The special structure of mushrooms and their porous structure contribute to the rapid absorption of harmful substances from the air. For this reason, even edible boletus collected in environmentally unfavorable areas turns into poisonous. They cause poisoning, accompanied by stomach upset, nausea, vomiting and fever. It is important to know that the cap absorbs the most toxins.

Improperly prepared mushrooms are poorly absorbed by the body, so it is important to adhere to the rules for preparing butter. In addition, it is advisable to exclude this product from the diet of young children and people with digestive disorders and chronic diseases of the gastrointestinal tract (3).

How to properly collect (cut) boletus

An amateur mushroom picker should know that if the summer was hot without rain, then most likely there will be few mushrooms and they will be collected until the end of September at the latest.

In this case, you should hurry to catch at least some part of the harvest. If the flesh under the cap is not gray in color, then the mushroom can be safely collected for food.

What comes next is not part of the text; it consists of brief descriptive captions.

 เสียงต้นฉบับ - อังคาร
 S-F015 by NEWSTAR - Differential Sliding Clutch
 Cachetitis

It is better to collect in the morning, when the sun is not yet actively shining. This will help the harvest last longer, since under the sun the mushrooms will quickly begin to wither and disappear. It is not recommended to pick the mushroom; it is better to carefully cut it with scissors or a knife (sharp) so as not to damage the root system of the mushroom family.

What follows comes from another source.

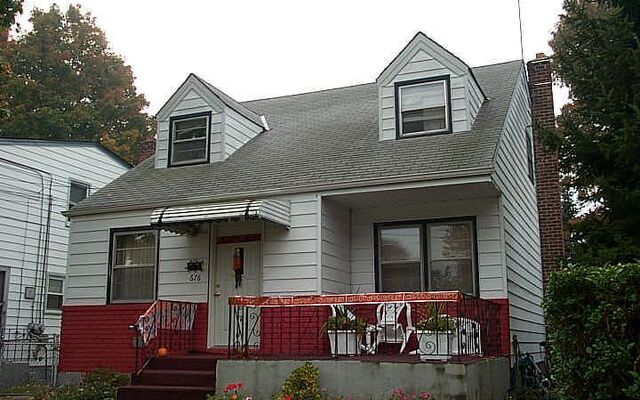 676 Hempstead Blvd, Uniondale, NY 11553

Otherwise, mushrooms will no longer grow in this place next year. Experts advise putting mushrooms in wicker baskets with their hats down for better preservation.

Some people collect in a bucket, but this way the boletus may begin to disappear faster. Once the harvest is at home, it will need to be immediately inspected, washed thoroughly and cooked in any convenient way.

For long-term storage, you can marinate or freeze mushrooms.

Processing mushrooms after harvest

Before cooking or freezing, it is important to properly prepare the harvested crop: to do this, it is necessary to remove the brown peel and rinse well under running water, since the mushroom has a coloring pigment with a not very pleasant taste.

The peel may not be able to be removed, in which case you should pour boiling water over the mushrooms and then immediately place them in cold water - this will help quickly get rid of the skin.

Then you can start cooking in any way. If this is cooking, then it is enough to cook them no more than thirty minutes after they have been thrown into boiling water. Before marinating, you should also cook the butter for about twenty minutes.

Cleaning the mushroom must begin from cap to stem, removing all dirt as you go (especially under the cap itself). If the mushrooms are still very young, then it is not necessary to remove the thin peel from them. It is also important to peel the mushrooms only when they are dry so that they do not slip out of your hands.

Real

The most common are true boletus. Which ones to collect, everyone decides for themselves.

The cap of the mushroom reaches approximately 12 centimeters in diameter, and at first it is semicircular in shape, but over time it becomes convex. In wet weather, the cap becomes covered with a kind of mucus, but in dry weather it becomes shiny and acquires a brownish color.

The edges of the cap are combined with the stem by a special white film, which opens as the mushroom grows, as a result of which a ring is formed on the stem. On the lower surface of the cap there is a tubular light yellow coating, and it can be quite easily separated from the base. The pulp is white, does not change its color when scrapped, and also has a rather pleasant mushroom smell, in some cases similar to the aroma of apples.